I recently spied some cucumbers at the Carroll Garden's Greenmarket and thought "wouldn't it be lovely to make pickles". It was also a fun new recipe to develop for the blog I write for Cuisinart. Now, I'll confess a little secret. Come closer, and don't tell a soul. I have a bad habit of not always doing my homework. See I had the urge to make pickles, I did enough research to know I needed whole spices, not ground ones and trekked down to Sahadi's with the baby in tow (a nice mile walk by the way).
I got home, fed her lunch and down she went for a nap. Then it came time to actually read through all the cookbooks I had laid out on the counter. Well, every darn one called for soaking the pickles for a minimum of eight hours and some even overnight. All I had was about two hours—how long my little monster would likely nap.
The main reason for the soak in cold water seems to be to crisp up the cukes. These were quite firm already, so I had a hunch I cold forgo that step. I did decide to sprinkle them with some kosher salt and let them sit as I prepped the other ingredients. I figured this would draw out some excess water and hopefully make the end product a bit more crunchy.

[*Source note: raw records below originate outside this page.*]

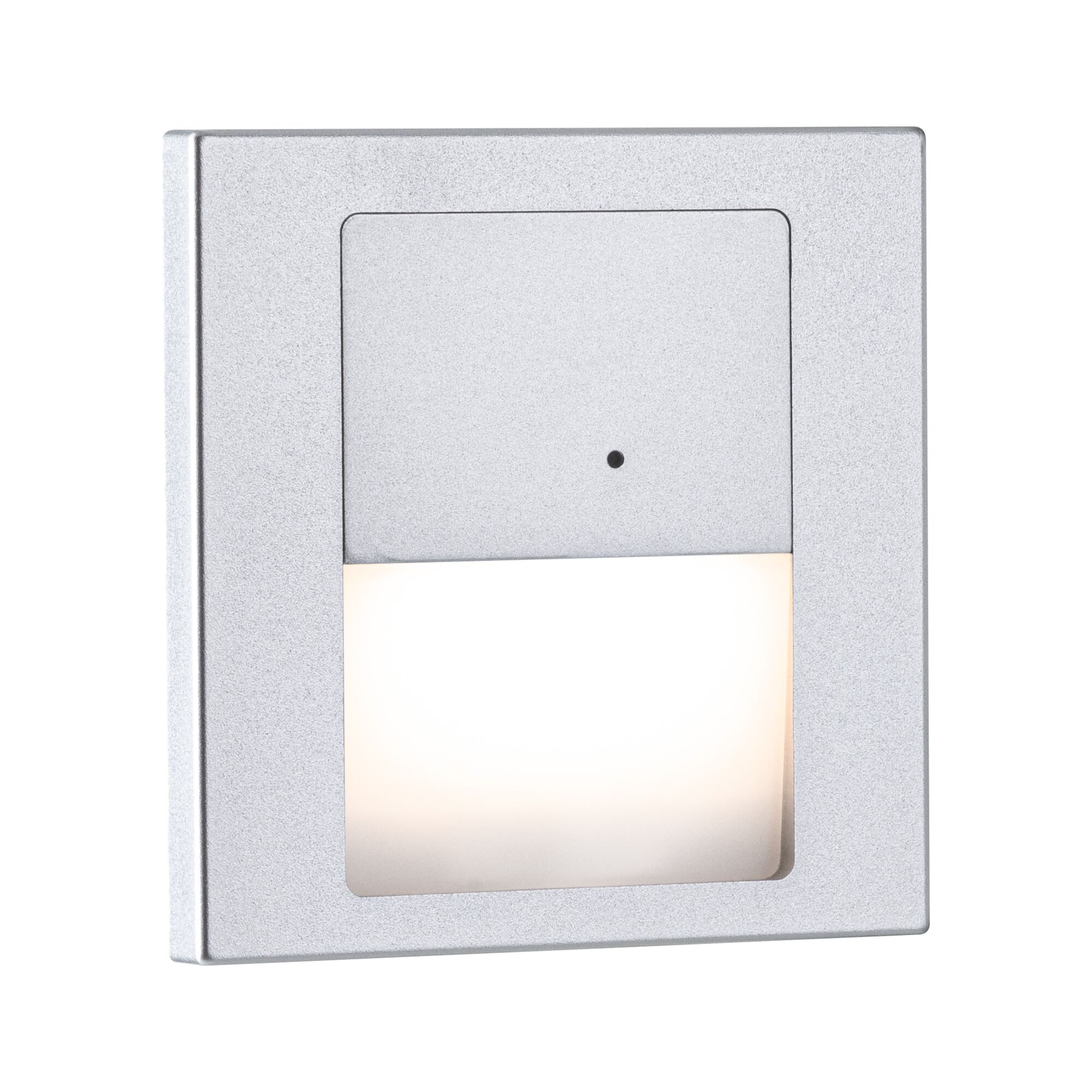 LED Recessed wall luminaire Tsaro angular 80x80mm 1W 80lm 230V 2700K Chrome matt Square LED recessed wall light in silver aluminum with warm white light for indoor use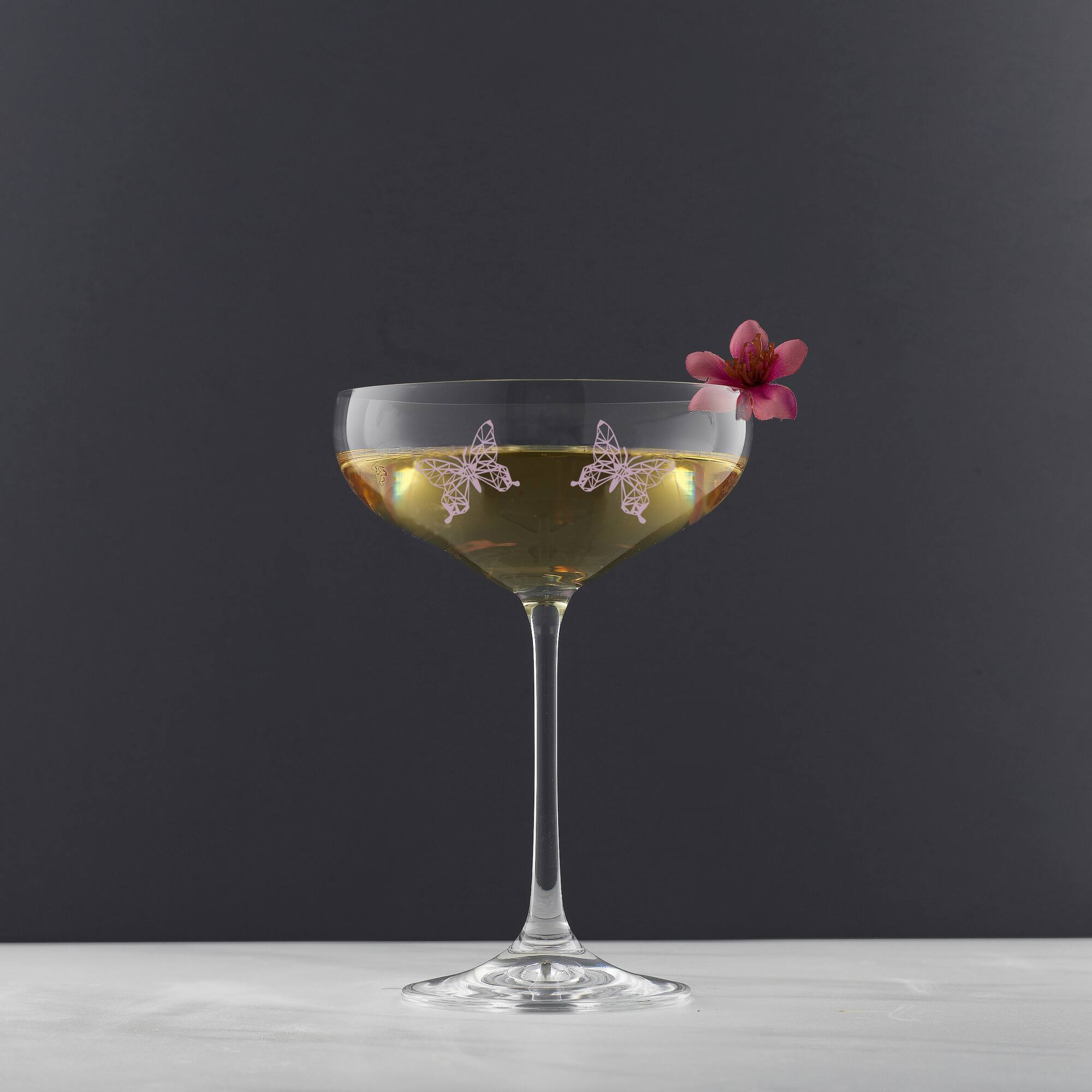 JoyJolt® 14oz. Meadow Butterfly Crystal Martini Glass Set, 2ct.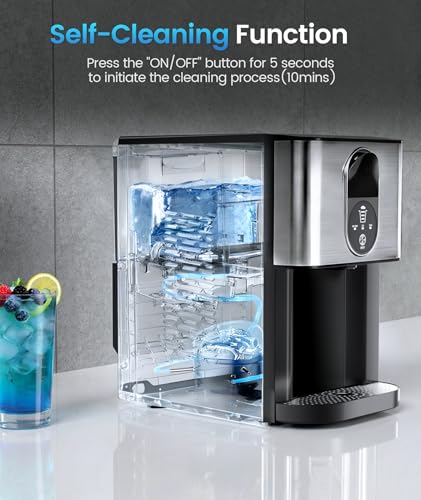 Image of Antarctic Star Countertop Nugget Ice Maker, 2.4L Tank, 44 lbs /24H, Silver | Chewable Pellet Ice Machine with Contactless Dispensing, 2.4L Removable Reservoir and Self-Cleaning for Home or Office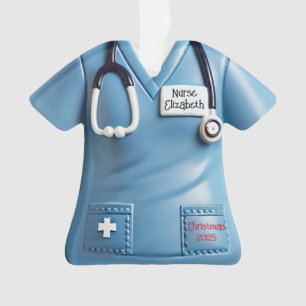 Camisa de Scrubs de Enfermeira Ornamento de Natal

As for the spices, many recipes simply call for pickling spices. You can buy them at Penzeys.com or just go over to Sahadi's if you live in Brooklyn and don't want to wait or pay for shipping. I almost went this route because, frankly, I knew I'd end up with a ton more spices than I needed for this little experiment. See what I mean?
I wanted my pickles to be a unique blend and flavor, though, so a spice mix wouldn't do. Thankfully Sahadi's has such amazing prices that all those spices I bought cost pretty much the same as one small packet plus shipping & handling. Mustard seeds and coriander are pretty common in most recipes. The flavor I think really stood out in the batch I made came from the star anise. It added a subtle, yet striking licorice note.
The best part about this recipe is the pickles were ready to eat in less than two hours. That's mainly due to how thin I sliced them. If you have more time and like a thicker pickle, then feel free to cut them accordingly. You may also need to add a few minutes to the cooking time, but not much. If you do, please post a comment and let us know. And if you live nearby, I'd be happy to taste test.
Sweet & Savory Pickles
Makes 1 quart
4 cups thinly sliced kirby cucumbers
1 onion, thinly sliced
2 tablespoons coarse salt
2 cups apple cider vinegar
1 1/2 cups sugar
1 piece dried star anise
2 teaspoons mustard seed
1/4 teaspoon dried allspice berries
1/4 teaspoon celery seeds
1/2 teaspoon coriander seeds
1/2-inch piece dried ginger, sliced
2. Meanwhile, add vinegar and sugar to a deep pot. Bring to a boil, then reduce to a simmer and cook for 5 minutes. Add spices along with the rinsed cucumber and onion slices. Return to a boil. Reduce heat to a simmer and cook gently 5 more minutes. Do not overcook, or you'll end with limp pickles. Let cool. Will last a few weeks in airtight containers in the refrigerator or process in canning jars.